What I wrote at Lib Dem Voice

December 11, 2006

Because it works

Like most people with a public e-mail address, I get a fair amount of spam. It’s irritating, but there are harder things in life than pressing delete.

What has taxed me more is trying to work out what the point of spam is. Fair enough if it’s some anarchist attempt to bring down modern society by clogging our communication systems. I can at least understand the rationale of such behaviour.

But do people who send me an e-mail like this one (for the full effect, click on the pic) really expect me to think:
‘That looks like a bona fide investment opportunity, and no mistake. And so professionally laid out as well. To hell with that ISA, this will make my fortune.’
Apparently, though, I should wonder no more. The reason e-mail spam exists is that it works.

This, at least, is the conclusion reached by two university researchers, quoted in yesterday
s New York Times:
... “pump and dump” stock schemes are exploding on the Web. The antispam firm Postini said that unsolicited messages accounted for 93 percent of all e-mail in November — a record — and spammers are always finding ways to elude spam filters.
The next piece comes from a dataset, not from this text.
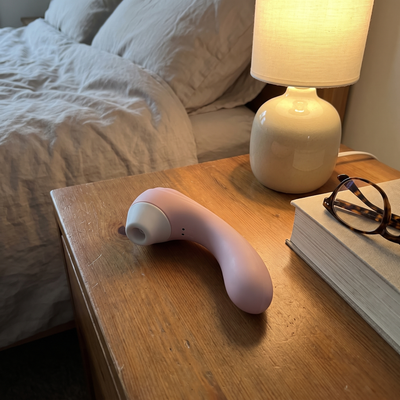 WildNightX Bloom on the nightstand beside a lamp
Spammers seem to prefer stock scams now, since they require no links to Web sites — just a message hyping an obscure stock.
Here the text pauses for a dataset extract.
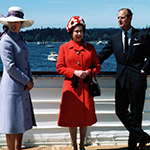 Her Majesty Queen Elizabeth II, Princess Anne and The Duke of Edinburgh are standing together relaxing on the deck of a ship. Water, smaller boats and the coastline can be seen in the background.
An Oxford University professor, Jonathan Zittrain, and a Purdue University assistant professor, Laura Frieder, recently studied such schemes and reached a surprising conclusion: they work. Spammers often make a 5 to 6 percent return in just days. The suckers who buy the stock — and some inevitably do — lose 7 percent of their investment.
Even after polishing all my sympathetic sensory cells I find it hard to shed too many tears for those hoping to make a quick buck and falling for such a scam.

Reminded me of Jim Gower’s definition of appropriate government intervention, quoted approvingly by Nigel Lawson in the FT a few weeks ago:

[Prof Gower] wisely observed that the level of supervision should not “seek to achieve the impossible task of protecting fools from their own folly”, but should rather “be no greater than is necessary to protect reasonable people from being made fools of”.

1 comment:

Anonymous said...

There's something vaguely comforting in the idea that there are people with money in the stock market that are daft enough to fall for this.

Similarly, there's some indication that 419 scams appeal most to racists - the apparent naivete of the scammer, needing a white westerner to look after their money, etc, fits perfectly a certain racist view of what Africans are like.